Archive for the ‘I’m Just Saying’ Category
Cops hear all sorts of wacky comments during the course of their careers. And they’d love to return a few snarky comments of their own. However, they hold their tongues (in most instances). But wouldn’t you love to hear what’s going through their minds when someone says…
1. It’s always nice to hear updates about friends and family members who are or were police officers, but to name-drop during a traffic stop is not all that impressive. Unless, of course, the name you’re dropping is your own and that you’re mother or spouse of the officer who pulled you over. That’s the only time you might see a favorable response, though. Therefore, Cousin Bertha, your signature goes right there.
2. Cops truly appreciate the fact that you pay taxes and that a miniscule amount of your hard-earned dollars go toward their salaries. However, they, too, pay taxes, which, by the way, pays for the roads you travel, the schools attended by your kids, along with a miniscule portion of their own salaries (does that mean cops are actually self-employed?). So thank you very much.
3. Thank you for screaming into my face that your uncle’s sister’s cousin on her daddy’s side of the family used to be the sheriff over in Doodlebop County. I wonder if he’d be impressed to learn that you’ve just beaten your wife and kids?
4. I know…you only had two beers. I also know those two beers were probably the chaser you consumed after gulping down an entire fifth of Jack Daniels. And don’t think I can’t see that bag of weed sticking out of your pants pocket, you dumbass.
5. You only stopped me because I’m white, green, black, blue, brown, or purple. That’s right, Sparky. The fact that you were driving 180 mph in a school zone had nothing to do with it. And, of course, my powerful x-ray vision allowed me to see through your nearly black (tinted) windows so I could zero in on your skin color. Sign here, please.
6. You’re gonna have my badge? Okay, here. Take it. Because I’m tired of dealing with assholes like you every day of my life.
7. You’ll see me someday when I’m not wearing my uniform… What does that mean? You want to fight me when I’m off duty? But I just saw you in the grocery store yesterday. Remember? You smiled and called me “sir” when you introduced me to the wife and kids. I did happen to notice your cart was pretty heavy, though, with all that beer. Perhaps you’ve been possessed and it’s King Budweiser who’s speaking through your lips right now.

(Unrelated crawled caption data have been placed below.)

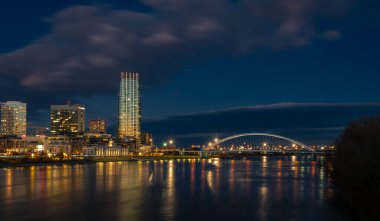 Gece sokakları ve nehirler kışın köprülerle soğuk Bratislava Slovakya 01 10 2025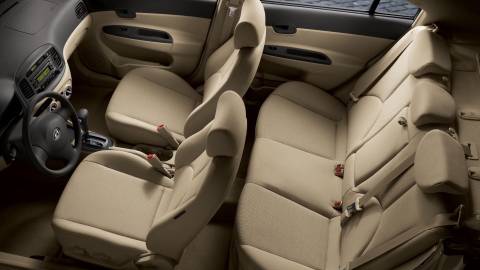 2007 Hyundai Entourage Pricing, Photos & Specs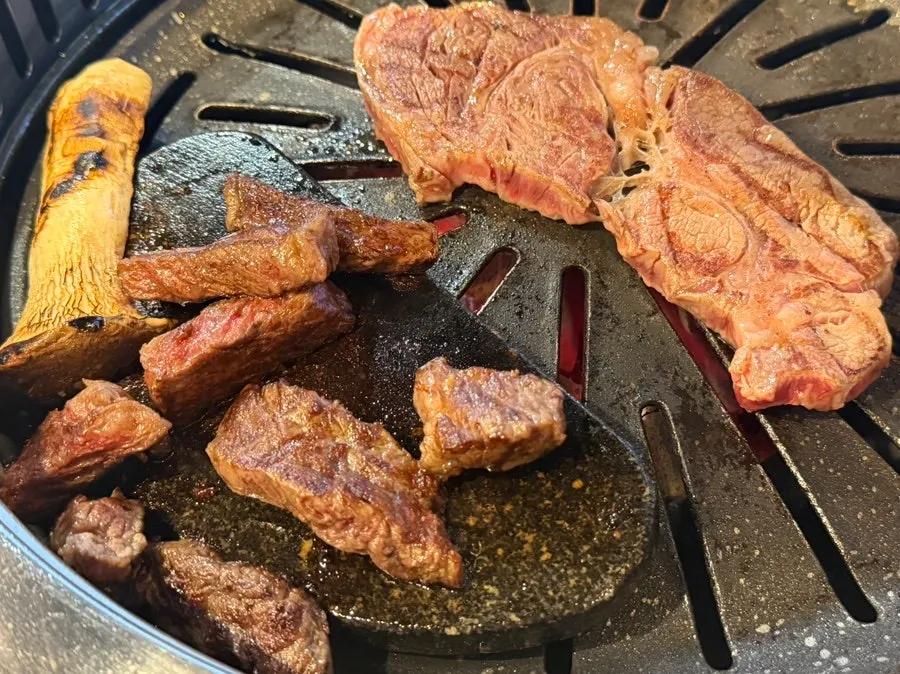 된장술밥과 함께 차려진 테이블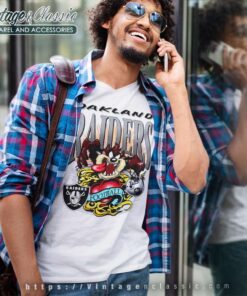 Oakland Raiders Taz Tasmanian Devil V Neck TShirt 1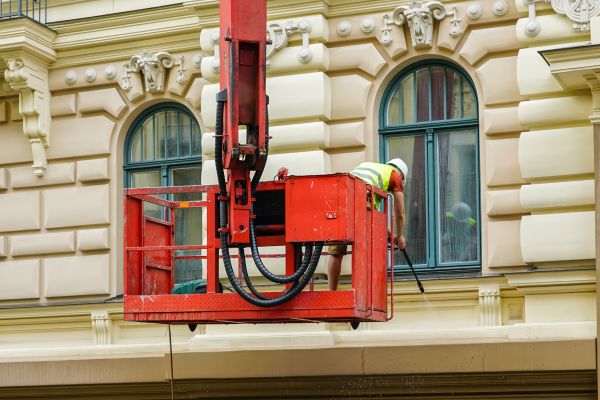 Cost of Building Power Washing in Baton Rouge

8. But everyone else was speeding faster than you, you say? I know, but I’m like a lion. I pick the slowest and weakest in the herd. They’re much easier to catch.

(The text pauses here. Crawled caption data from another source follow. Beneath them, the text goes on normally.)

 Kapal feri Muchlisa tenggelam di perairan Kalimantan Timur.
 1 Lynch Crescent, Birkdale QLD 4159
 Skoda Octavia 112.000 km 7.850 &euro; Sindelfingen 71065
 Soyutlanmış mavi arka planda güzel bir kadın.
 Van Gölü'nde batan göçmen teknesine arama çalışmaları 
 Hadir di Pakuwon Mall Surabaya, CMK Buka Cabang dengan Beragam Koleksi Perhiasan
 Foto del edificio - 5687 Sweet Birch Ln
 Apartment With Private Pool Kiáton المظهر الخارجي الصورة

9. Stop disrespecting you? Gee, you’re absolutely right. I should take you more seriously as you stand there drunk as a skunk with a big wet urine spot in the crotch of your pants while you so kindly spit in my face. The puke on the front of your shirt and your piece of crap car sitting in the middle of that nice lady’s living room definitely commands tons of respect. Now let’s go…“Sir.”
10. I’m sure you do know your rights, ma’am, but peeing in the back seat of my patrol car is not one of them.

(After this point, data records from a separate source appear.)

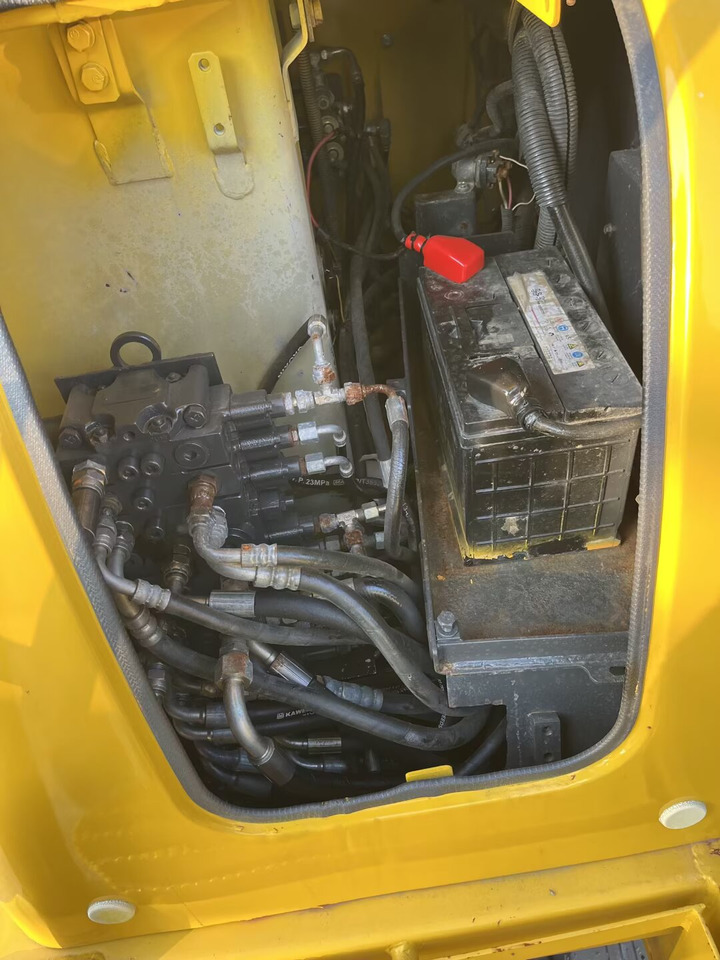 Komatsu PC56 - Mini escavadeira: foto 5 Komatsu PC56 - Mini escavadeira: foto 5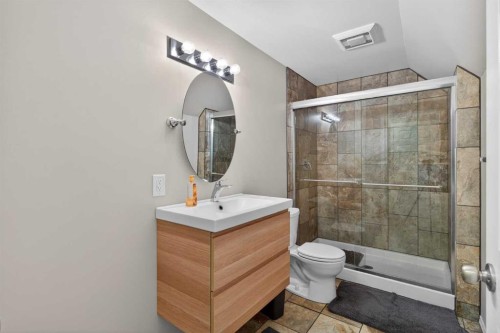 389 Elgin Way Se, Calgary, AB - Indoor Photo Showing Bathroom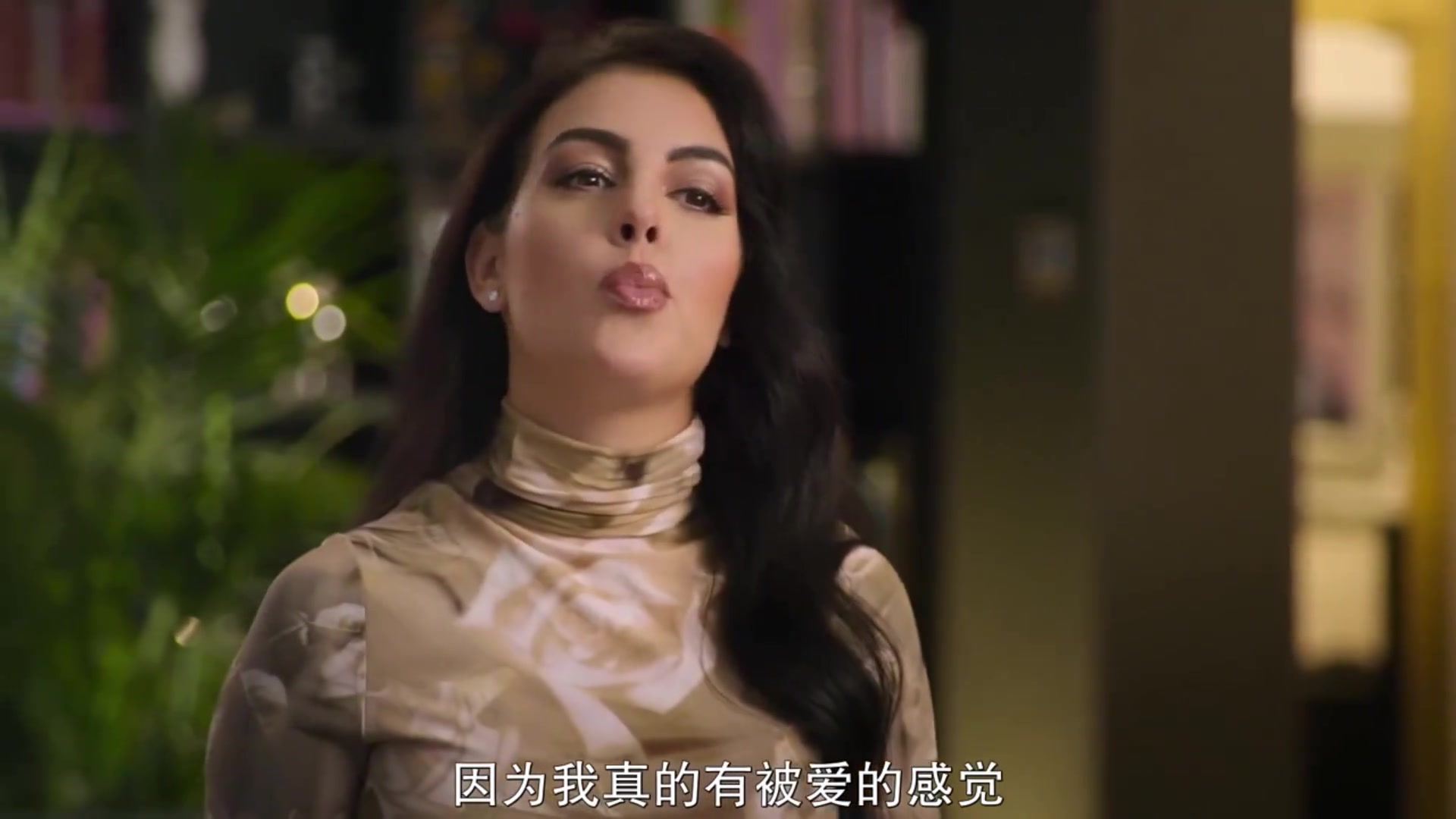 實(shí)現(xiàn)諾言喬治娜辦不辦婚禮沒(méi)有多重要C羅1000會(huì)辦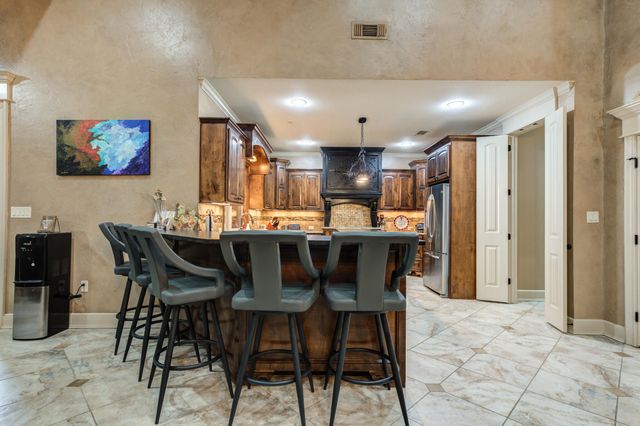 8 Tuscan Villas Circle, Lubbock, TX 79423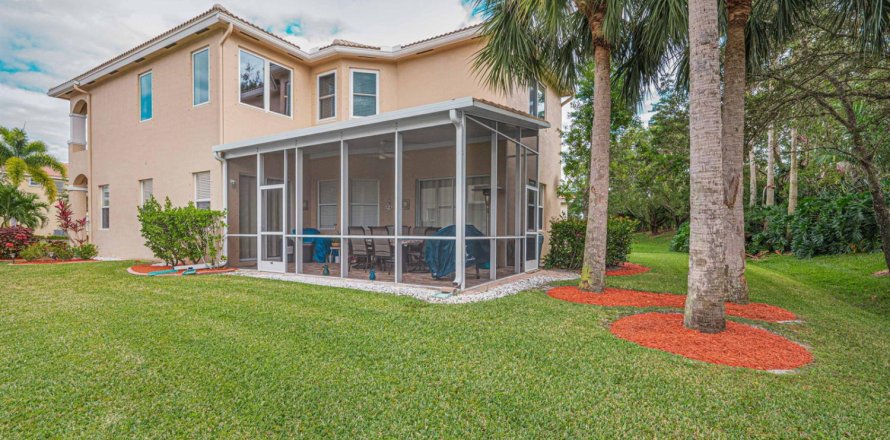 House in Port St. Lucie, Florida 3 bedrooms, 245.54 sq.m. № 2086373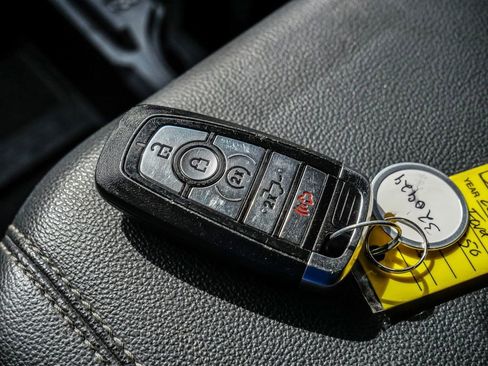 Used 2024 Ford F250 Lariat image 37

Make no mistake about it, to serve time in state prison is no picnic. Inmates are confined in small spaces with some of the most dangerous people in the country—gang-bangers, murderers, robbers, etc. Prisoners often suffer violent assaults and brutal rapes. They’re sometimes beaten, cut, stabbed, and killed by other prisoners, and sometimes corrections officers and other staff members step over the line to deliver physical and mental abuse. So yes, prisoners have a tendency to become hardened…to the very core of their being.
We’ve all heard tales of prisoners fabricating weapons from almost anything they can get their hands, such as knives made from ink pens and swords or spears made from rolled and stiffened newspaper. But there’s one extremely deadly weapon you never hear about, and it, this life-threatening and brutal device, is the center of a California lawsuit. Warning, this gets ugly… (note the intense level of sarcasm).
A prison inmate who’s serving time at the state prison in Vacaville, California has filed a lawsuit in state court claiming he was the victim of a rubber band assault on Nov. 9, 2012. The prisoner, Michael Aaron Witkin, states in his affidavit that a prison librarian launched at least 10 rubber bands at him while he was inside the library. His claim went on to state that she (the librarian) even giggled almost uncontrollably during her “vicious” rubber band attack. Finally, Witkin said the rubber bands were large and could leave a painful sting. Poor baby…
*A quick search discovered a Michael Aaron Witkin who’s serving time at the Solano State Prison in Vacaville. This Michael Witkins was previously arrested for attempted murder (shooting a woman several times), pistol whipping another individual, resisting arrest, possession of a firearm by a convicted felon, robbery, and illegal possession of hydrocodone and marijuana.
Since the aforementioned Michael Witkins is the only Michael Witkins listed as serving time in the Vacaville prison, well, it might be okay to assume this is the same Michael Witkin who filed the previously mentioned lawsuit. If so, I’m quite certain his victims would have preferred that he’d used rubber bands instead of an actual gun during his assault on them.